Files: none (or .l0 by convention)

l0 is informal. It uses prose, pseudocode, and diagrams. Its purpose is communication, design exploration, and onboarding.

# l0 sketch
Sort takes a list and returns a new list that has the same elements
in non-decreasing order.

l1 — Structural Core¶

Files: .l1

l1 is the canonical heart of len. It is intentionally small and declarative. The entire vocabulary fits on one page:

Declaration	Purpose
`type`	Introduce a named type
`rel`	Introduce a relation (property or relationship)
`const`	Introduce a named constant with a type
`fn`	Declare a function with a contract and quasi body
`spec`	State a law, axiom, definition, or theorem
`contract`	Group related relations and specs under a named contract
`struct`	Describe a composite record type
`syntax`	Define surface-level notation sugar
`import`	Load declarations from another module
`keyword`	Reserve a word in the surface language
`symbol`	Reserve a symbolic token

l1 is relational, not object-oriented. There are no methods, classes, inheritance trees, or dispatch tables. Instead:

Types are named sets of values
Relations state propositions about values
Specs constrain those relations with logical laws
Functions are linked to relations through implements

l2 — Evaluation¶

Files: .l2 (future)

l2 adds interpretation: contexts, satisfaction checking, executable semantic rules. It builds on l1 without changing it.

Module System¶

len organises code into modules identified by dot-separated paths:

import core.math.set
import core.math.nat

A module path maps to a file path on disk. For example, core.math.set maps to core/math/set.l1 (or core/math/set/set.l1 by convention for directories).

Selective imports pull specific names from a module:

from core.math.set import Set, Member, Subset

The standard library ships under core:

Module	Contents
`core.types.types`	Primitive `Type` and `Relation` types, subtype laws
`core.syntax.syntax`	Reflective meta-level carriers: `Expr`, `Identifier`, `Equals`
`core.syntax.keywords`	Canonical reserved keyword declarations
`core.math.logic.logic`	`Bool`, `Formula`, `Eval`, `Holds`
`core.math.logic.sugar`	Operator sugar: `=>`, `<=>`, `/\`, `\/`, `!`
`core.math.set`	`Set`, `Member`, `Subset`, `Empty`, axioms of set theory
`core.math.set.nat`	`Nat`, `Zero`, `Successor`, Peano axioms
`core.math.fun`	`Fn`, `Injective`, `Surjective`, `Bijective`
`core.struct`	`Struct` contract: `Field` relation

One relation can refine another — that is, it is a more specific version of the same idea:

rel Sort(input: Seq, output: Seq)
rel BubbleSort(input: Seq, output: Seq) refines Sort

BubbleSort inherits all the obligations of Sort plus any additional laws stated in its own specs.

Contracts¶

A contract groups related declarations under a named proposition:

contract Eq(T: Type)
    rel Equal(x: T, y: T)
    spec eq_reflexive
        given x: T
        must Equal(x, x)
    spec eq_symmetric
        given x, y: T
        must Equal(x, y) implies Equal(y, x)

Eq(T) is a proposition stating that type T satisfies the equality contract.
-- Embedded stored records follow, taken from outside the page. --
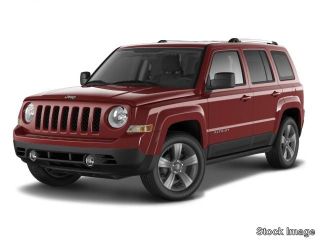 Used 2017 Jeep Patriot Latitude in Little Falls, New Jersey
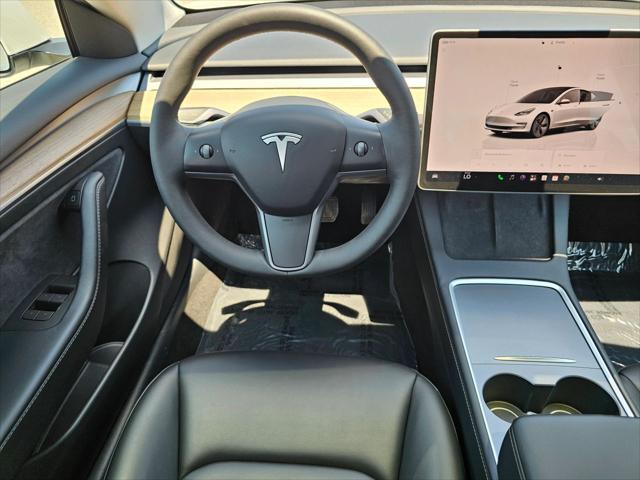 2023 Tesla Model 3 Rear-Wheel Drive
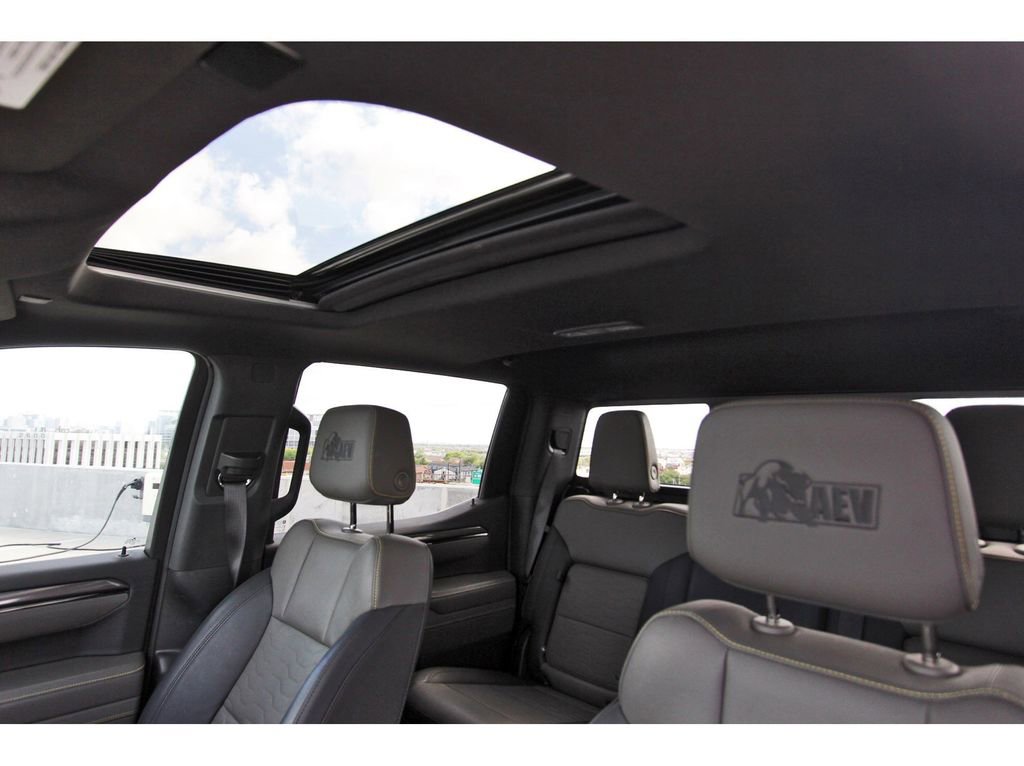 Used 2023 Chevrolet Silverado 1500 ZR2 w/ ZR2 Bison Edition image 27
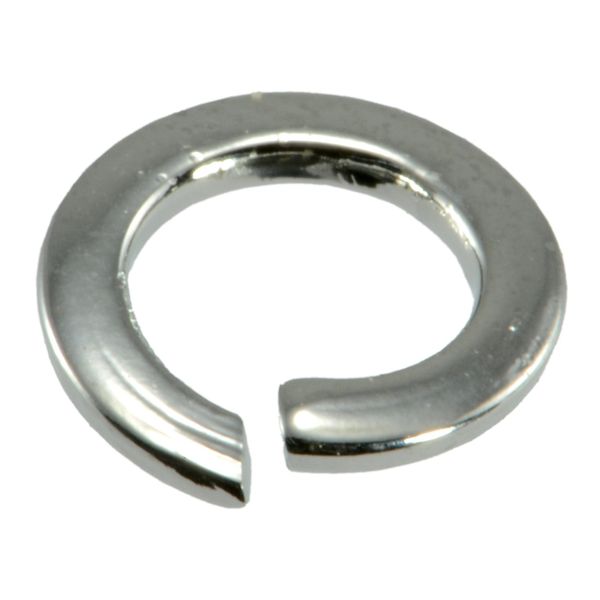 #10 x 3/16" x 21/64" Polished 18-8 Stainless Steel Lock Washers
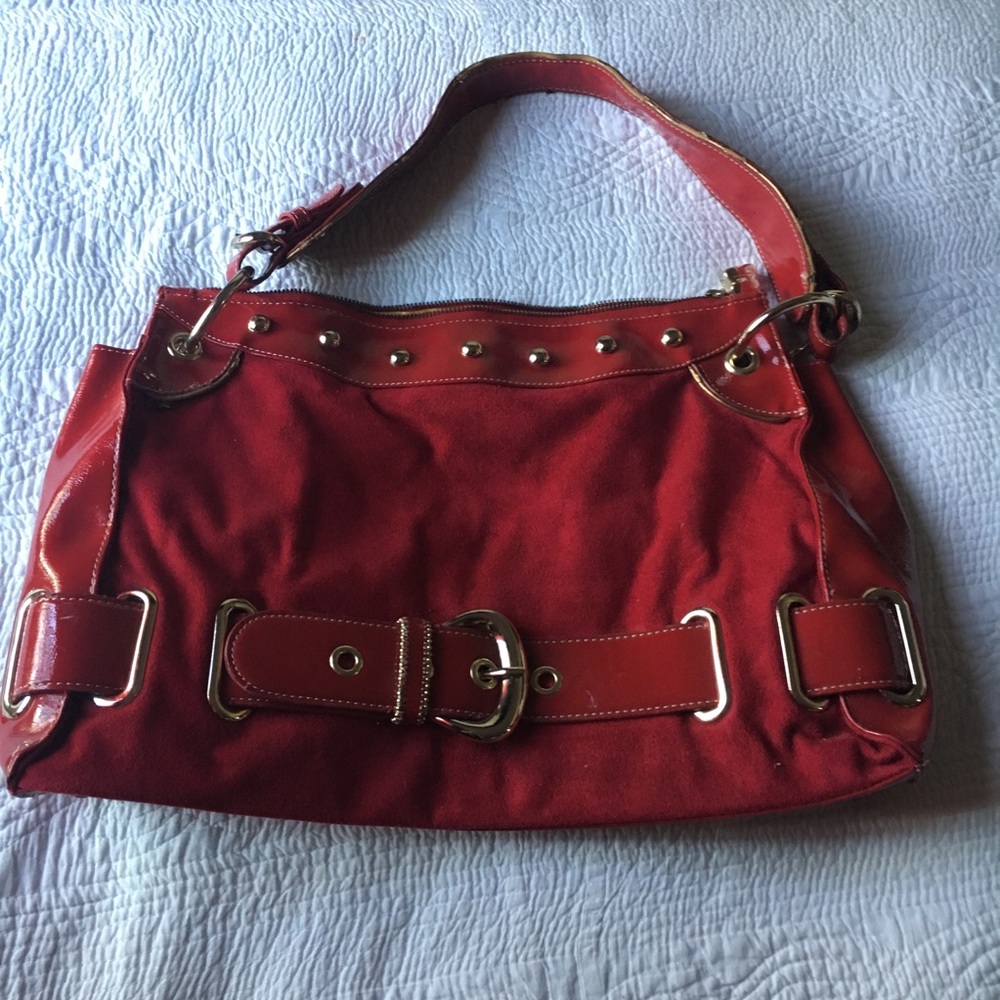 Red bag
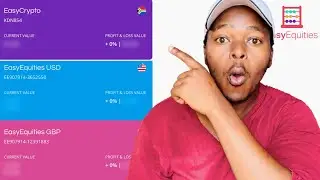 how to buy & invest in crypto on easy equities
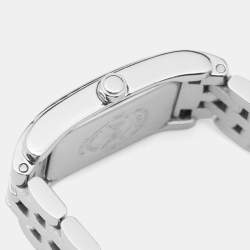 Pre Owned Longines Blue Stainless Steel Dolce Vita L5.155.4 Women's Wristwatch 20 mm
Unlike a Java interface, there is no dispatch — satisfying a contract is a logical statement, not a runtime object.

Quasi Blocks¶

Every fn declaration must include a quasi block: an embedded pseudocode sketch that describes how the function works. The quasi block is not interpreted by l1 — it is captured as raw text and validated against a style profile.

fn bubble_sort(input: Seq) -> output: Seq
    implements BubbleSort(input, output)
    ensures Sorted(output)
    quasi using style ProceduralAlgorithm:
        let xs := input
        while needs_swap(xs):
            set xs := bubble_pass(xs)
        return xs

The default style is ProceduralAlgorithm. Custom styles can be declared and validated through YAML profile files.

Design Principles¶

Specification before implementation. The rel + spec pair is the primary artefact. The fn + quasi pair is secondary.
Small core, extensible surface. The language reserves a minimal set of keywords. New notation is introduced explicitly through syntax declarations.
No hidden semantics. Syntax sugar is always declared with an explicit implies target. There is no magic.
Layer discipline. l1 is stable. l2 builds on it. Nothing in l1 depends on l2.
Relational, not object-oriented. Types, relations, and specs replace classes, methods, and interfaces.